--- START ---

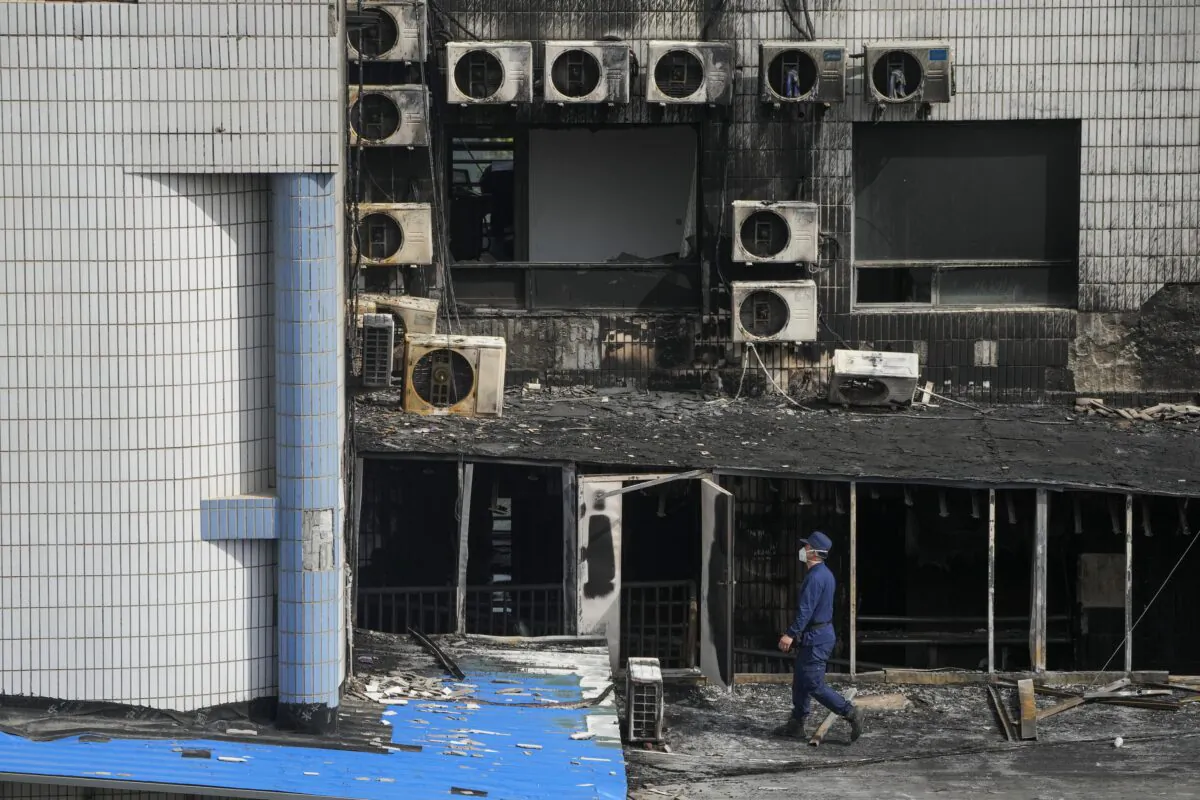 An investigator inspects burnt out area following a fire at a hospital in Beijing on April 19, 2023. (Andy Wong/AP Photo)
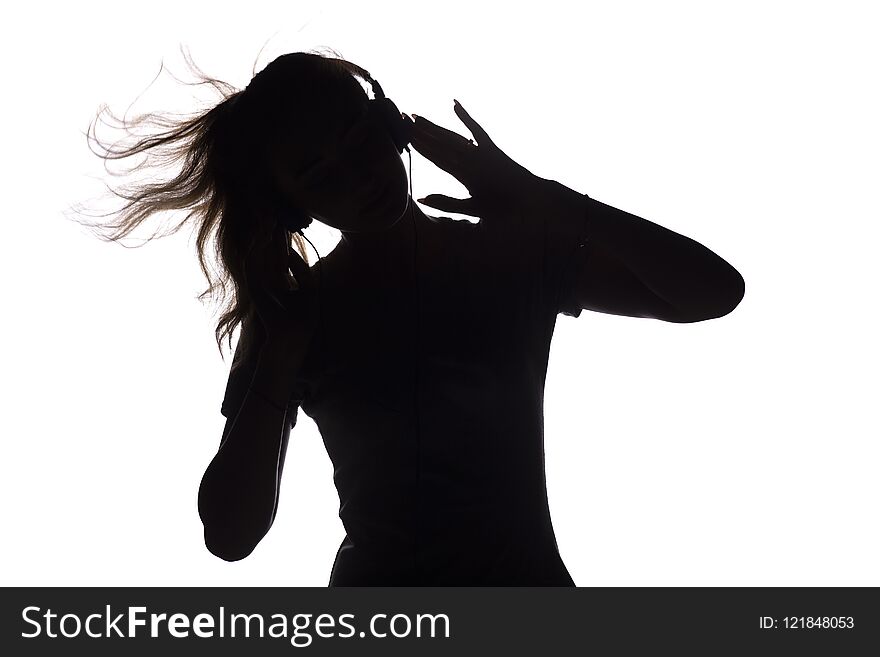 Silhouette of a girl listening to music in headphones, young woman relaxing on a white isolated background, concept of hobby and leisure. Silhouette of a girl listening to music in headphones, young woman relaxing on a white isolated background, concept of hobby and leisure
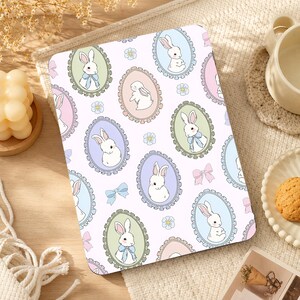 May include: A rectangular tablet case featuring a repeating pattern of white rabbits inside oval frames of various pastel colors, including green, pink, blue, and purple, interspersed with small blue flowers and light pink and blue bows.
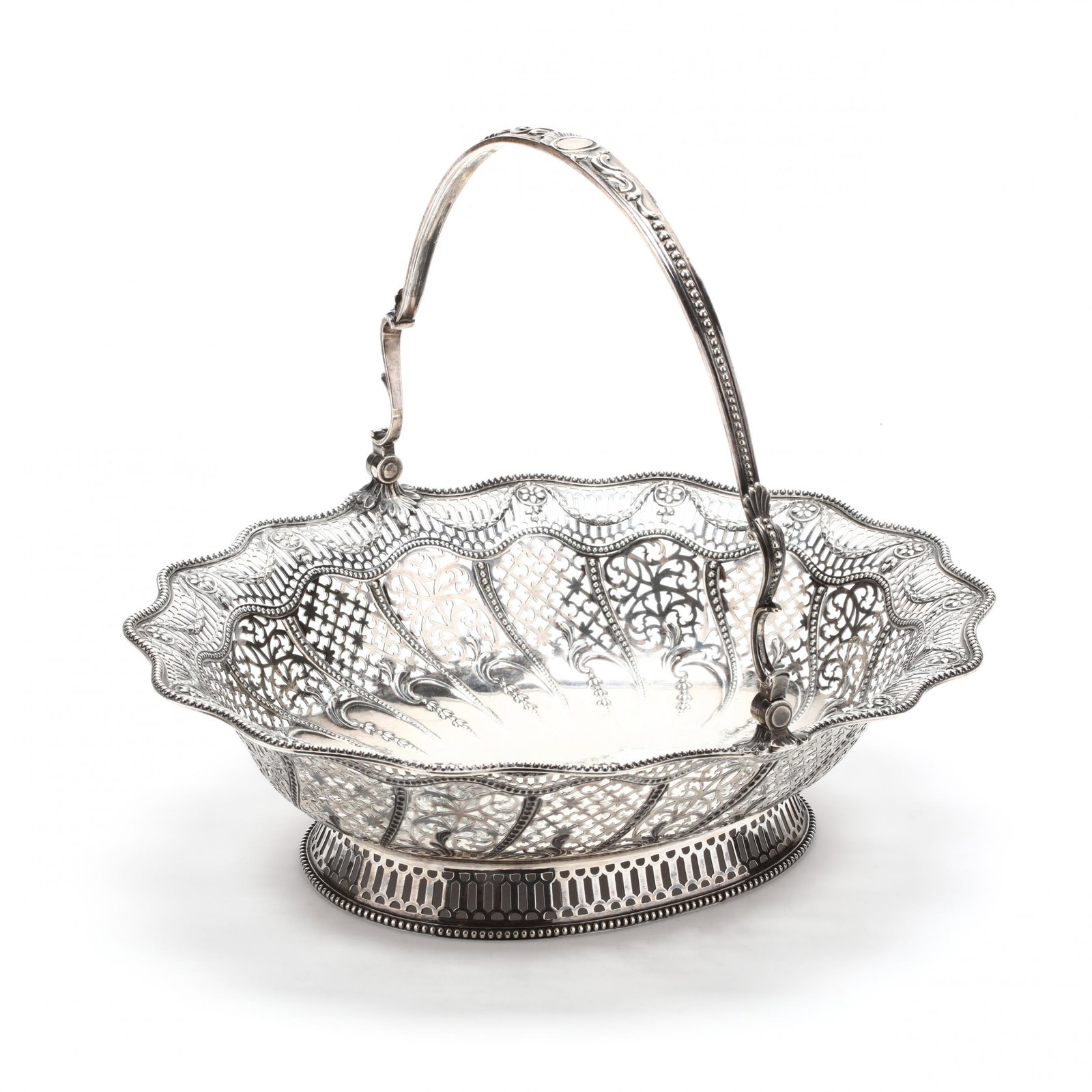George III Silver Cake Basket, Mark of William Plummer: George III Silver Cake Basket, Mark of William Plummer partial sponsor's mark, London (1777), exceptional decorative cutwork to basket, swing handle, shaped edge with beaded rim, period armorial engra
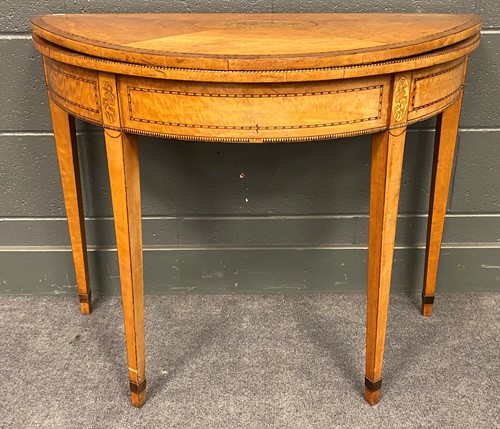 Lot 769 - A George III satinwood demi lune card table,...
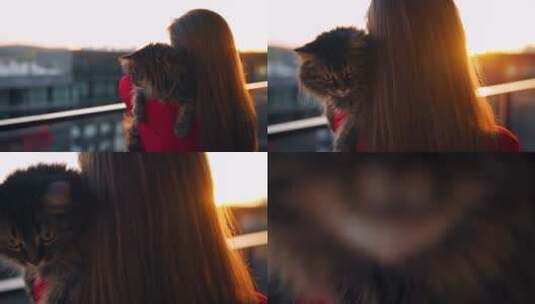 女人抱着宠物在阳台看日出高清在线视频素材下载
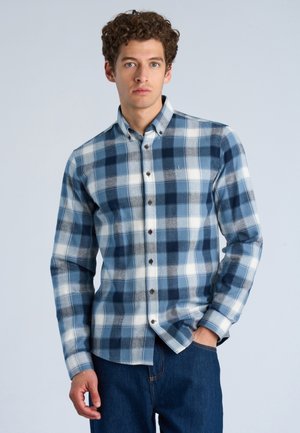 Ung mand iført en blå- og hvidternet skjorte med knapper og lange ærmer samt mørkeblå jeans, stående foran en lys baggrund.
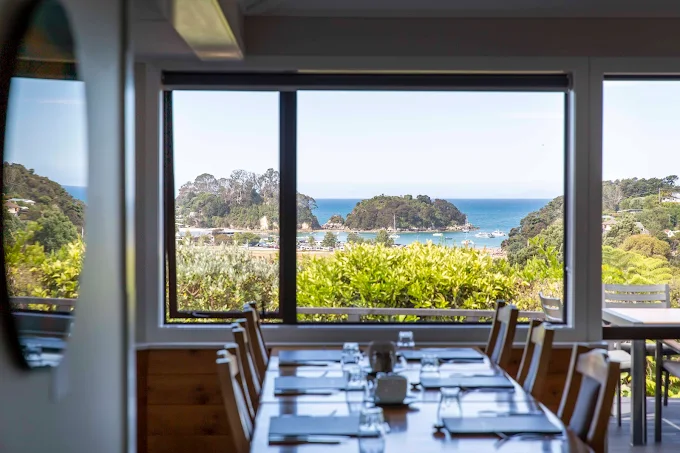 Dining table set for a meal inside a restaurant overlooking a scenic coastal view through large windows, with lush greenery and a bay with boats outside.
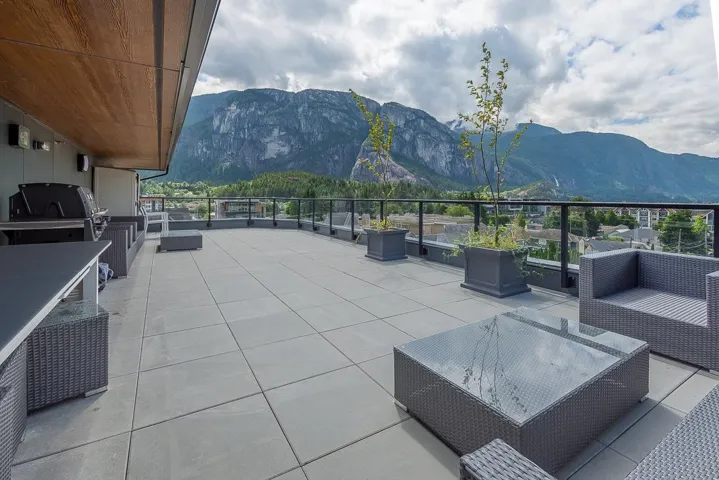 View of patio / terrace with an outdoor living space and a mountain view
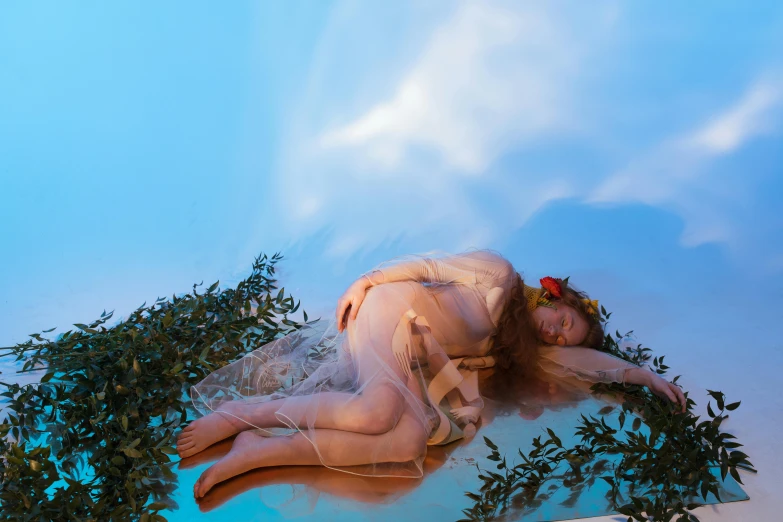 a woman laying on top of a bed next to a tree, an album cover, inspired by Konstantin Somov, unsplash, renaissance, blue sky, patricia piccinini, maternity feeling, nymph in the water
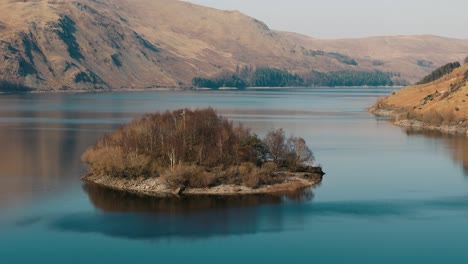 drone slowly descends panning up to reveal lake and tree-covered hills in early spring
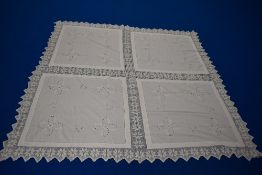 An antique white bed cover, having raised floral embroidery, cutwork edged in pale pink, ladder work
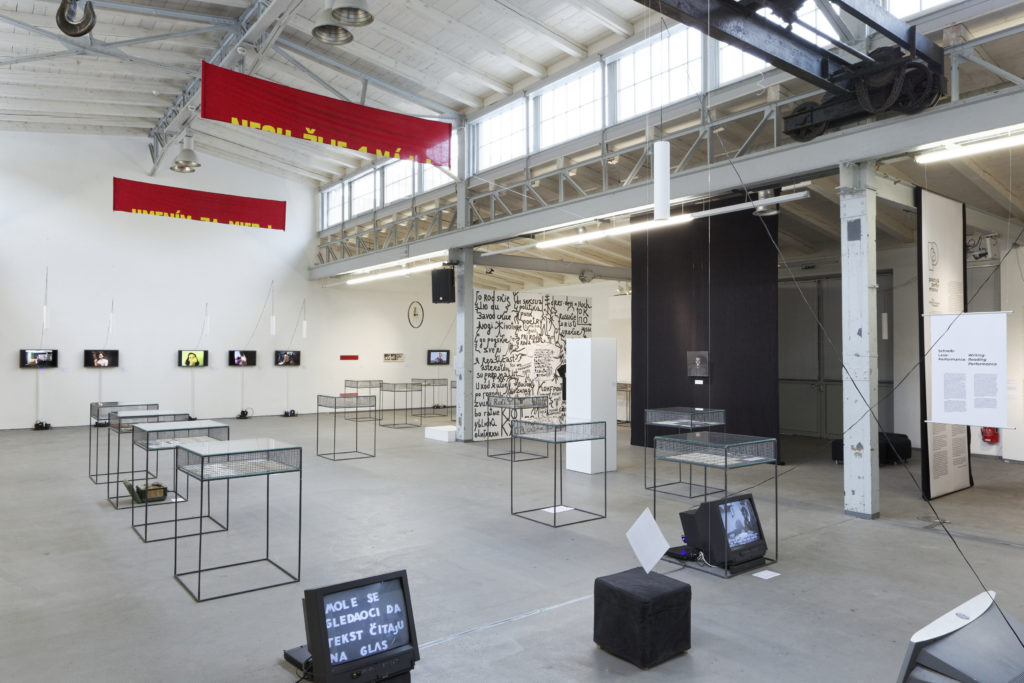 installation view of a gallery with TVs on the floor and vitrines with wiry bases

--- END ---

* _THE TASK_: Of all the material above, only the lines from the one that has "Ung mand iført" down to the one that has "Dining table set" are to be written out, exactly and with both ends included. Pictures are skipped.

* _ANSWER BOX_:
 Ung mand iført en blå- og hvidternet skjorte med knapper og lange ærmer samt mørkeblå jeans, stående foran en lys baggrund.
 Dining table set for a meal inside a restaurant overlooking a scenic coastal view through large windows, with lush greenery and a bay with boats outside.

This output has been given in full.